Alzarsi all’alba ed andare al mercato a comperare la frutta, verdura, i formaggi, le uova, il miele e tanto altro… Per me è un’abitudine molto cara che mi mette subito di buon umore e che mi stupisce sempre. Guardo le bancarelle e penso a tutta la ricchezza che la natura ed i nostri territori ci offrono ad ogni stagione dell’anno. Penso anche ai saper fare, alle eccellenze, alla passione delle persone, alla loro dedizione, talvolta lunga generazioni.

Ognuno ha i propri rituali, passaggi di obbligo, riferimenti, laddove si trova “il miglior pecorino, la frutta più succosa, il pane più aerato e fragrante che ci sia…” C’è chi è chiamato per nome, chi si trova lì per la prima volta e ha tutto un mondo da scoprire.
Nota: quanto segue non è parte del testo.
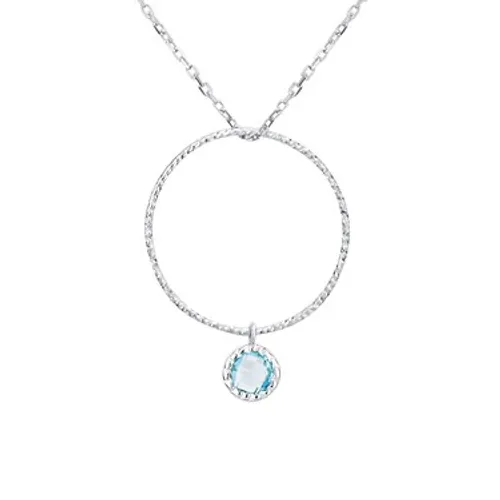 Argento March Birthstone Necklace - M Ladies Ring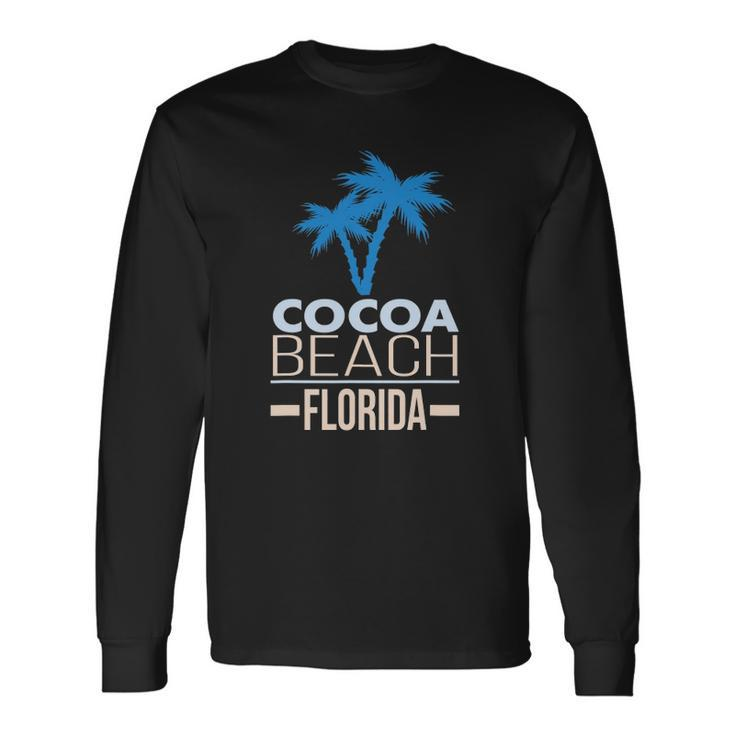 Cocoa Beach Florida Palm Tree Long Sleeve T-Shirt T-Shirt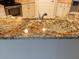 Close-up of kitchen island with granite countertop, sink and faucet fixture at 1264 Riverscape St # B, Bradenton, FL 34208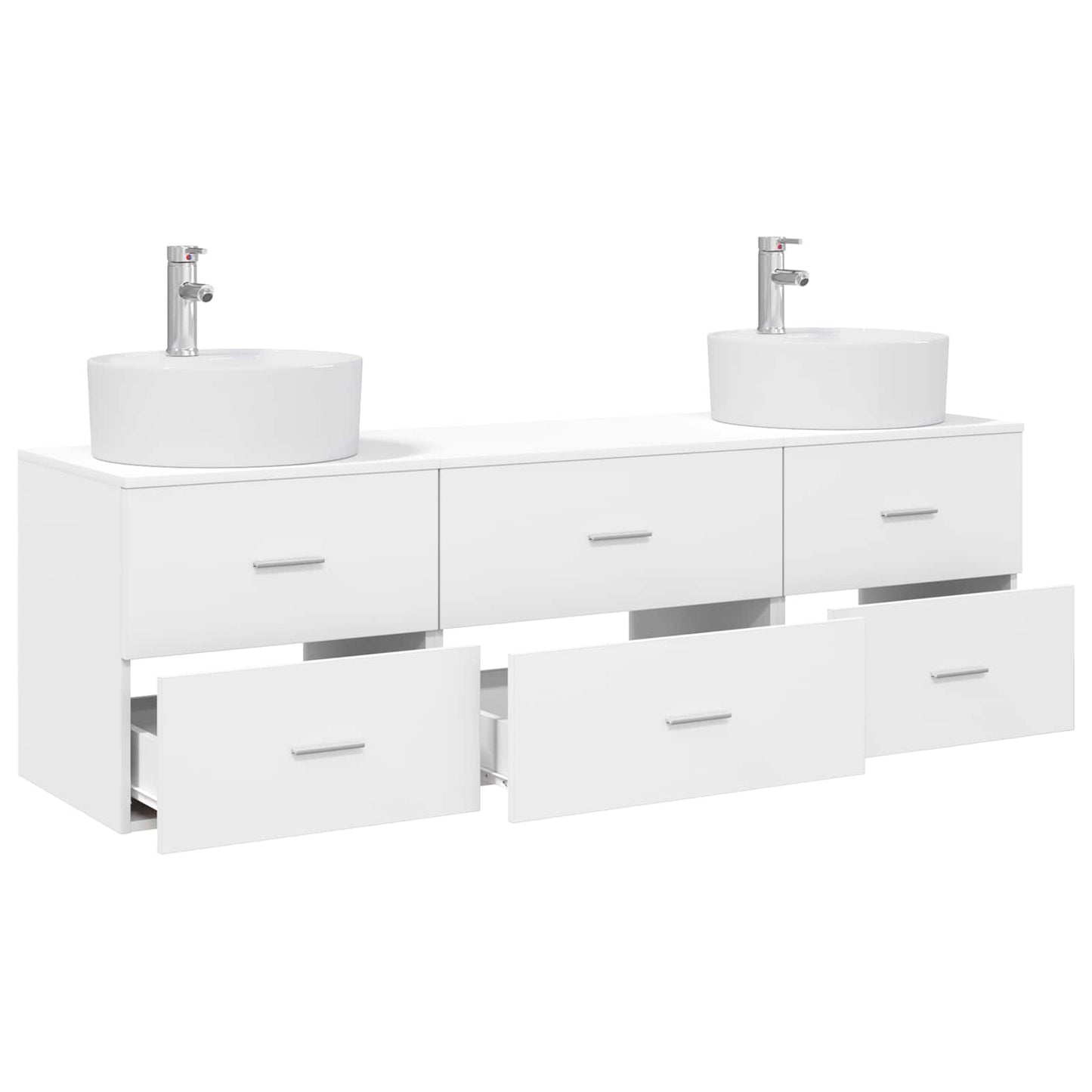 Badezimmerschrank-Set 3 stk. Weiß 62,5 x 44,5 x 50 cm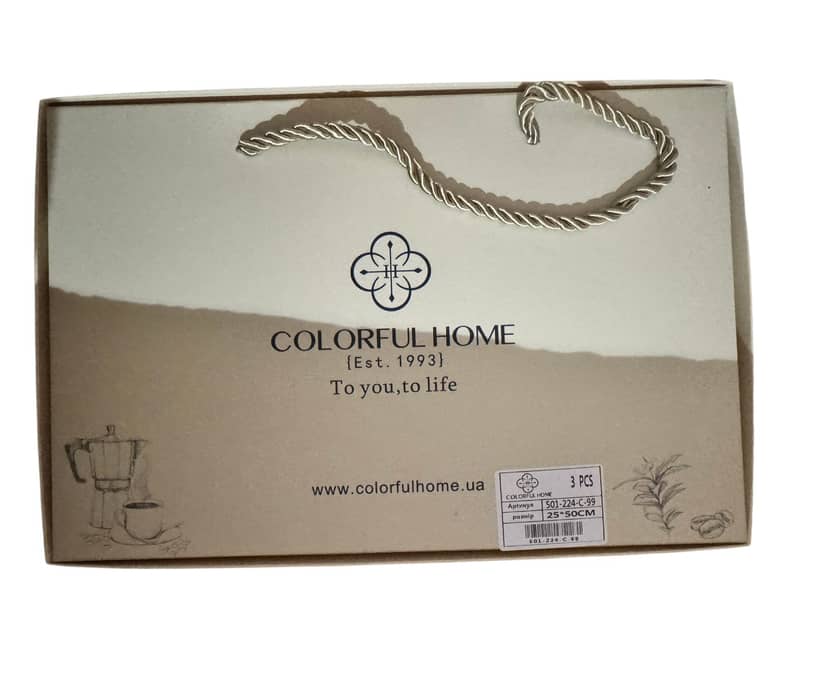 Набір серв ф 3од COLORFUL HOME 25х50 501-224-210 2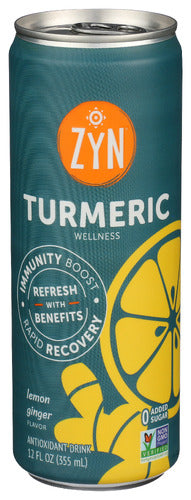 ZYN WATER FUNCT LEMON GINGER - 12 FO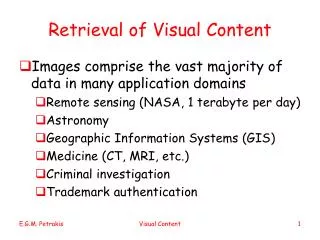 Retrieval of Visual Content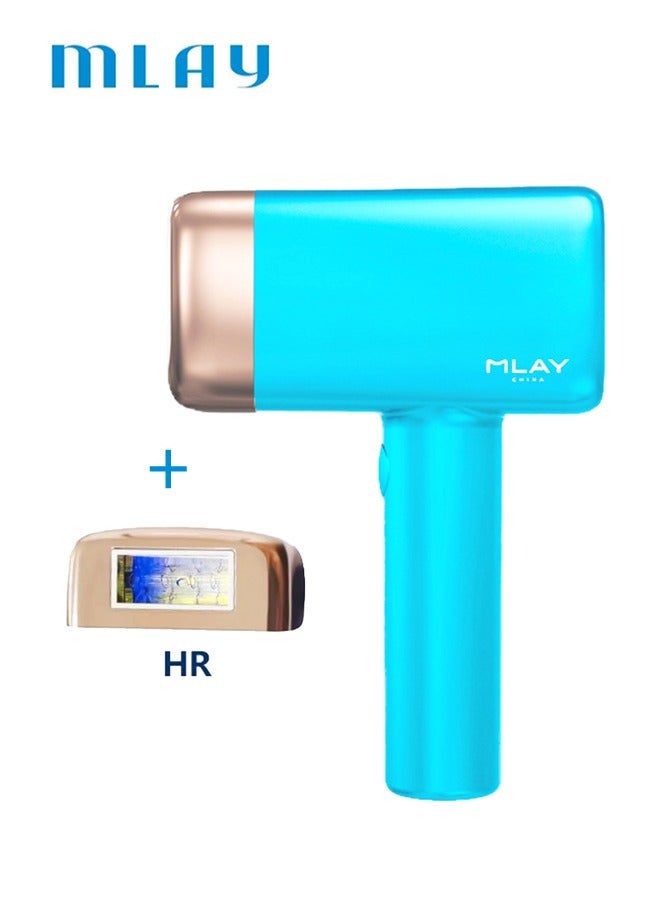 ملاي أحدث جهاز إزالة الشعر بالليزر T14 سريع وغير مؤلم 3، ضغط بارد يحمل عدستين لإزالة الشعر باللون الأزرق السماوي - Image 1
Il tempo è sospeso, non c’è più la fretta che abbiamo di solito andando al supermercato. In quei momenti, c’è voglia di godersi l’esperienza, di valutare bene la frutta, di chiedere informazioni e consigli. Fermarsi a chiacchierare un po’, raccontare il modo in cui uno ha cucinato il pesce comprato l’altra volta, il ricordo dell’assaggio di quelle deliziose pesche bianche… I commercianti conoscono i loro prodotti e sono sempre ben lieti di raccontarci un po’ di più di come va la stagione, le condizioni meteorologiche, di come cucinare tale ingrediente, di suggerire abbinamenti sempre giusti. Provo una grande ammirazione per loro che si alzano prestissimo, che prendono la strada sui loro furgoncini per poi installare le loro bancarelle, disporre i prodotti e accoglierci. E’ un lavoro faticoso che fanno ogni giorno dell’anno, che ci sia un sole splendente o un tempaccio che ci invita solo a stare sotto le coperte.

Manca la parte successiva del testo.